No demoró en verificar que la anciana había fallecido. Los labios de la señorita Borsapiena parecían a punto de sonreír, jamás los había visto con rictus tan optimista, y lo estimuló pensar que su paciente había muerto en paz.

 

Se preguntó si Lucina se habría percatado del deceso y se respondió que no, de ser así habría vencido su cansancio para disponer todo lo relativo a las exequias.

 

Sintió la habitación más fría de lo razonable y decidió despertar a la criada. Pretendía que al menos pudiese descansar en su habitación aunque fuese un rato.

 

Lucina tenía la cabeza inclinada sobre el pecho y al parecer dormía profundamente. El médico la sacudió, primero levemente y ante la falta de respuesta en modo más enérgico. Luego mencionó su nombre varias veces y terminó tomándole el pulso.

 

La frialdad de la piel de Lucina se le anticipó. No esperaba tal cosa y se sorprendió mucho, aquella saludable mujer también se había ido. No llegó a levantarle el mentón, de hacerlo le habría llamado la atención la amargura de su rostro.

 

La soledad de la casa acrecentó su silencio, por eso pareció suscitarse un escándalo cuando, tras breves segundos de meditación, el médico musitó: —La fiel criada también pasó a mejor vida —entonces la ironía de un coro de ecos transitó cada recoveco de la vieja mansión difundiendo su frase: "a mejor vida", "a mejor vida", "mejor vida", “vida”.

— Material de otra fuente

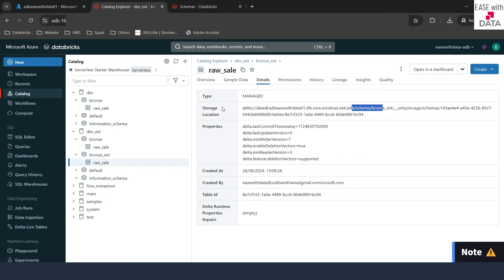All of the tables we created were managed tables. Now we can specify the exact locations where we want to store the data. You can specify the storage location at the metastore level, the catalog level, or the schema level. For external tables you can also specify the location at the table level. For managed tables, Unity Catalog allows you to manage data at different levels within the Unity Catalog object model — schema level, catalog level, and metastore level.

El médico se encargó de los requisitos posteriores, incluso llamando al párroco y rogarle que diera la unción sacramental "sub conditione”, asegurando que ambas mujeres eran devotas y así lo hubieran deseado de estar aun en este mundo.

Al retirarse, ambos hombres se detuvieron a conversar sobre las deslucidas maravillas aun presentes en el jardín, la diversidad del follaje, las oscurecidas estatuas de magnífico mármol italiano, los cenadores laterales aun cubiertos de plantas trepadoras y la glorieta, con su fuente central que otrora contuviera peces exóticos traídos de la India y el Japón, hoy repleta de hojarasca, musgo y una alfombra de agua pestilente. El medico realizando apreciaciones artísticas y espirituales, el párroco cálculos financieros y deseos rapaces.

Elevaron luego la vista hacia el belvedere que coronaba la construcción y guardaron silencio hasta que uno de ellos sugirió retirarse. Curiosamente ambos, custodio de cuerpos y orientador de almas, siguieron pensando en ornamentos, suntuosidad y vacío durante el resto de la jornada.